Each 'Choose-day' we will investigate the process by which we can reassess our activity and interaction with the world of plurality and become more congruent within our personality.

KINDLE LIFE. We continue exploring points raised by HH Pujya Gurudev Swami Chinmayananda-ji in the publication of this name. Remember, you can purchase, (very economically!), the book from  Chinmaya Mission Publications or if you prefer, the Amazon Link.
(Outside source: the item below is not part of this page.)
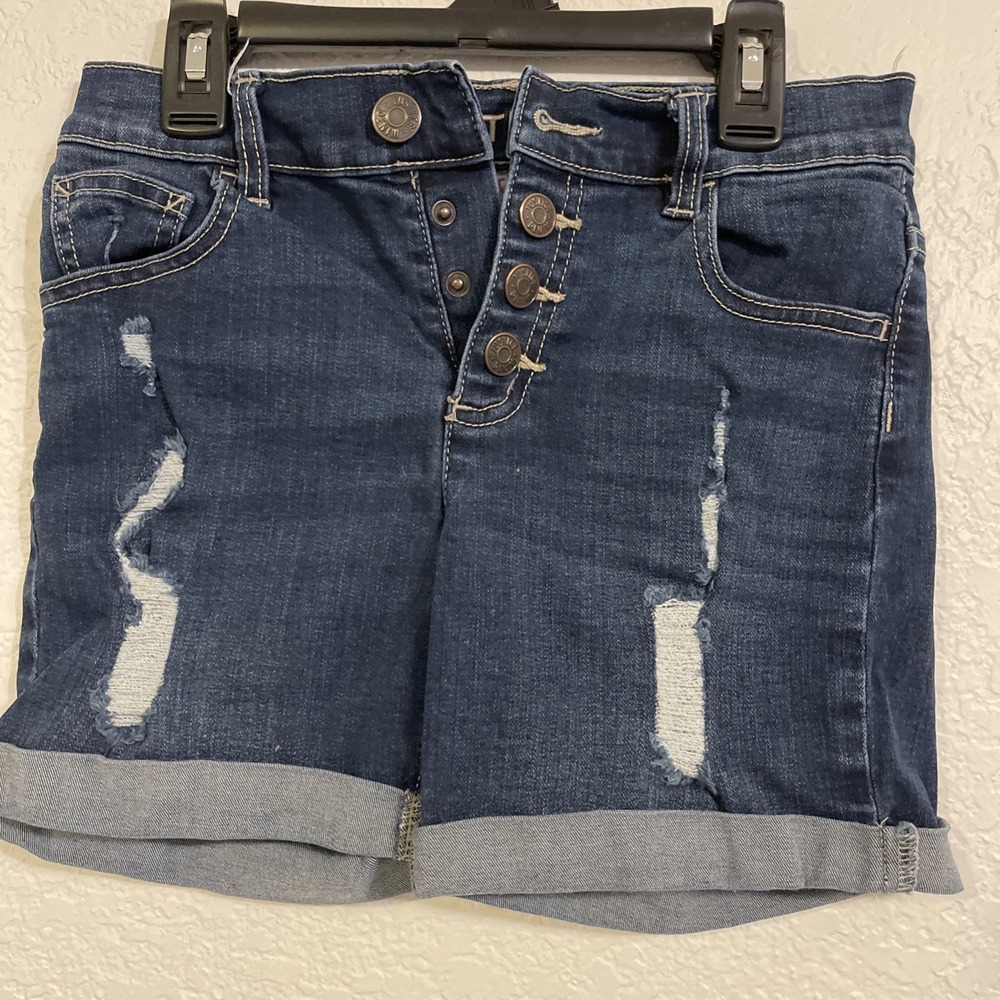 Justice Denim Jean Shorts Sz. 12 Girls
Thus you can read Gurudev's words directly and bring your own voice to the discussion.

In chapter fifteen Gurudev looks at SCIENCE AND RELIGION. A proper context is given and in the following chapter there will be a larger exploration of the place of religion in life.  These two chapters are going to be presented to you exactly as given in Kindle Life as, really, Gurudev's erudition and succinct presentation would be hard to beat.

"The history of the evolution of human intellect passes through four distinct stages, culminating in the perfection which our masters attained. Philosophy and religion relate to the fourth and the final stage of intellectual development, which is far ahead of all scientific knowledge known to mankind.  Not knowing this truth, man scoffed at and rejected religion as antiquated and behind the times; consequently, the progress of human evolution was arrested leading to the stagnation and general decadence that the world suffers today.

In the beginning of human development, man was led by instincts and impulses rather than reason and knowledge.  He merely perceived the phenomena of nature, the sun and the moon , the rain and the thunders, birth and death and so on.  His perception was no better than that of animals for, in both cases, their intellect never reacted to the external world.  He enjoyed himself whenever objects and environment were pleasant and agreeable, but suffered silently when they were unpleasant and disagreeable.  He never questioned or tried to improve what he perceived.  This was 'the age of perception'.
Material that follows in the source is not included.